In some cases, high-speed processing can be performed by performing a table reference process of reading data (a logical operation result) stored in advance at the address. When performing this table reference processing, a local memory in each processor is allocated to a memory for storing table data, and the allocated memory is accessed by the indirect addressing described above.

[0010]

However, in the above-mentioned conventional parallel type image processing apparatus, the processing time required for bit-packing the binary image data becomes longer,
There is a problem that the realization of high-speed processing is prevented. This is because the neighboring pixel value is transferred between processors.
The bit data is transferred one bit at a time, and the collected pixel data is brought to a desired bit position by a shift operation or the like, then a logical operation is performed, and bit packing is performed. To pack a bit,
By requiring many operations.

In the above-described conventional parallel type image processing apparatus, when the same table data is used in each processor, the same table data is provided for each processor, and the local memory is wastefully consumed. Has the problem that

Accordingly, the present invention has been made to solve the above problems, and an object of the present invention is to provide a parallel image processing apparatus capable of performing binary pixel processing at a higher speed than a conventional apparatus. To provide.

[0013]

According to one aspect of the present invention, there is provided an image processing apparatus comprising a plurality of processors arranged in an array.
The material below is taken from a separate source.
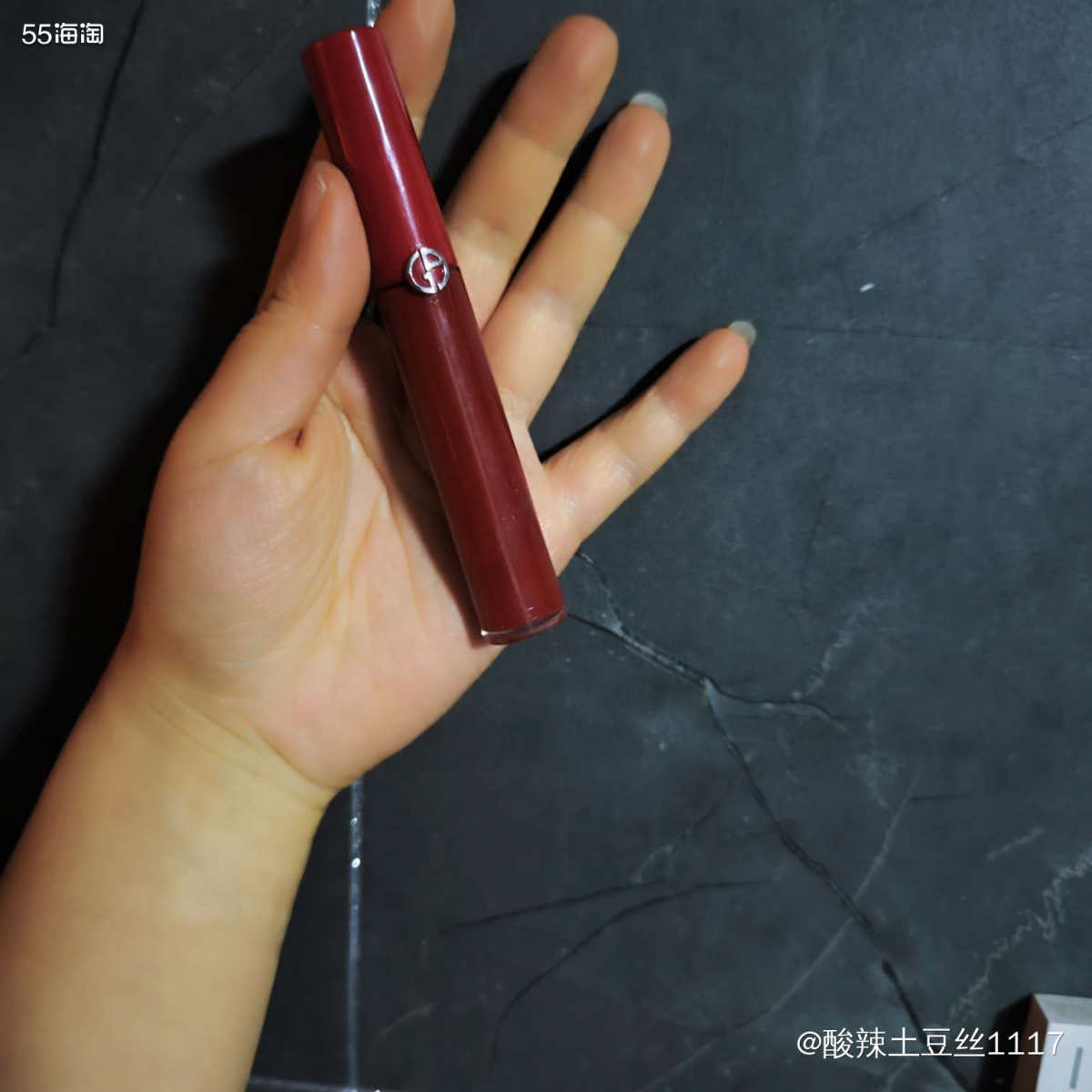 夏天的话，我比较喜欢用into you那种比较淡的色号，但是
And a means for bit-packing data in a predetermined register of the proximity processor and data in a predetermined register in each of the processors.
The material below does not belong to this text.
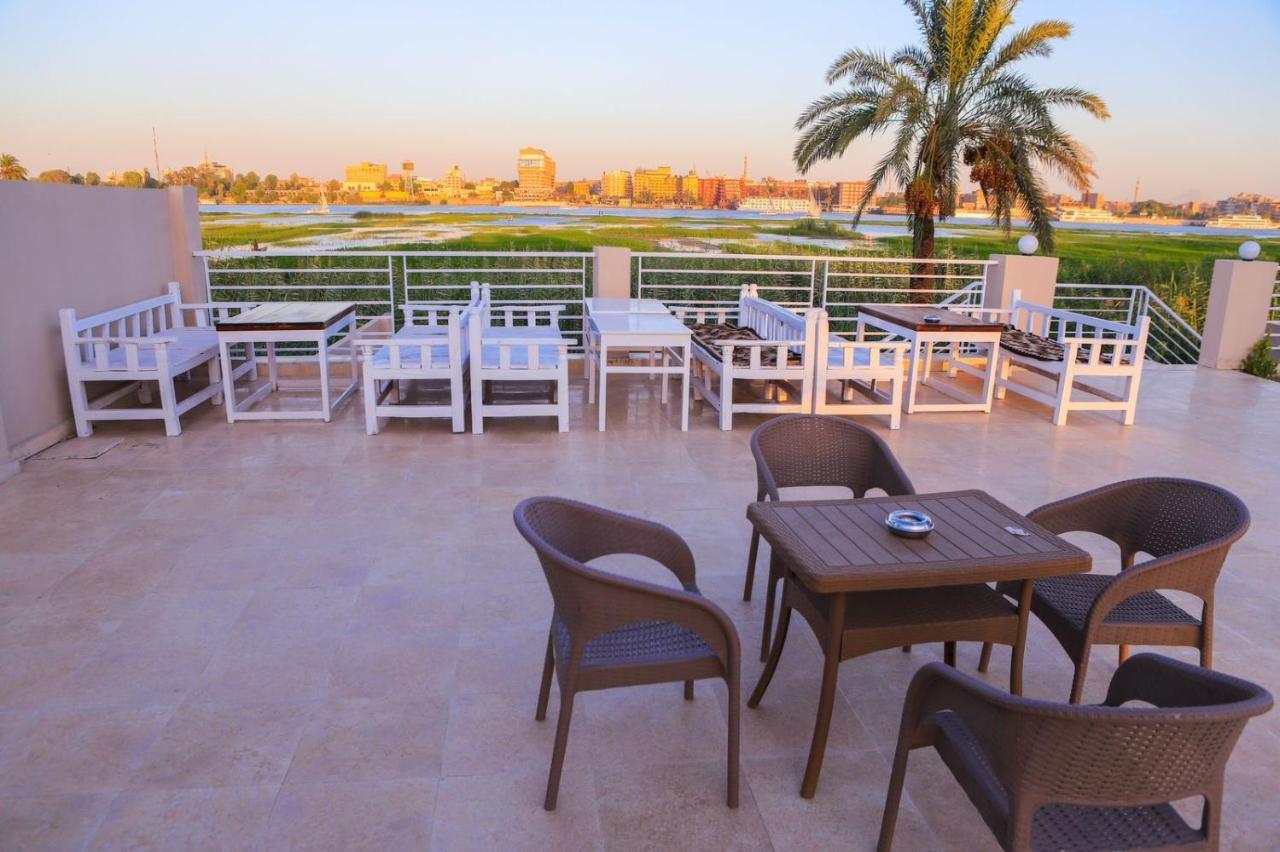 Royal Nile Villa - Pool View Apartment 1 Luxor Eksteriør bilde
According to the present invention, in the bit pack operation, the processor shifts data between registers for storing data used for the bit pack,
There is provided means for reading data used in the next bit pack processing from a memory to a register.

In the present invention, a memory having one write port and a number of read ports equal to the total number of processors or the number obtained by dividing the total number of processors by a predetermined positive number is provided as a table reference memory. It is characterized by.
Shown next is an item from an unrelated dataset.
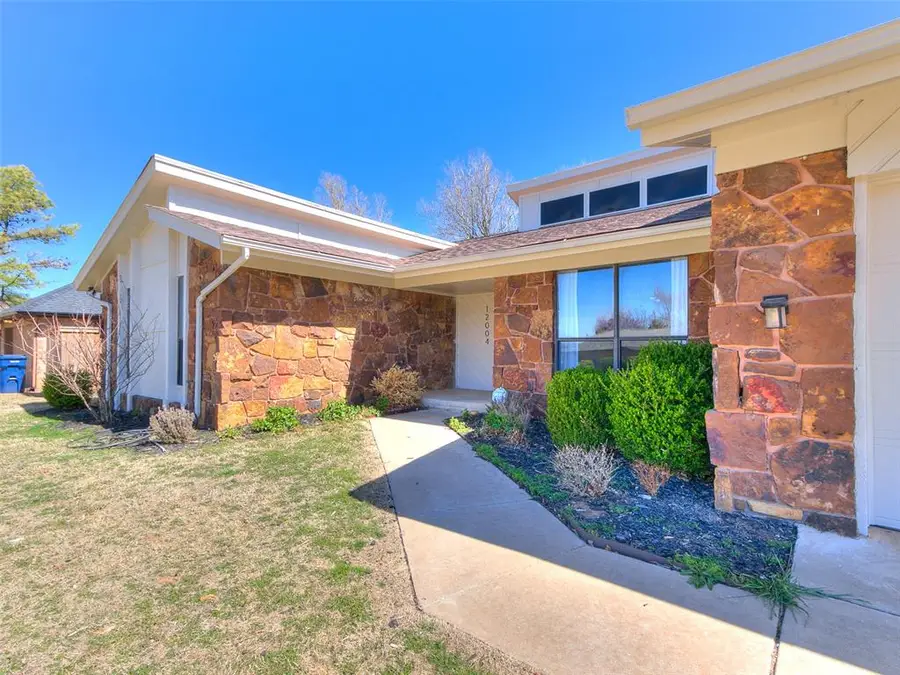 12004 Royal Coach Drive, Yukon, OK 73099 - #3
The principle and operation of the present invention will be described below. The present invention relates to a program-executable parallel image processing apparatus in which a processor array including a plurality of processors can execute read / write of data of an image row unit at a time with respect to an image memory. Means for bit-packing the binary image data in block units, and further, means for loading the next data to be bit-packed from the memory simultaneously with the bit-packing, that is, preferably in the same instruction cycle as the bit-packing. With this arrangement, the speed of the bit pack operation is increased, the increase in the circuit scale is suppressed, and high-speed image processing can be performed on the binary image data. Further, a memory having a one-write / multi-read port configuration is used as a memory used for a table reference process using bit-packed data, and can be read from all processors, so that a local memory of each processor is used as a table memory. As compared with the case, the memory usage can be greatly reduced.

[0017]

Embodiments of the present invention will be described in detail below with reference to the drawings. FIG. 1 is a diagram showing the configuration of an embodiment of the image processing apparatus of the present invention.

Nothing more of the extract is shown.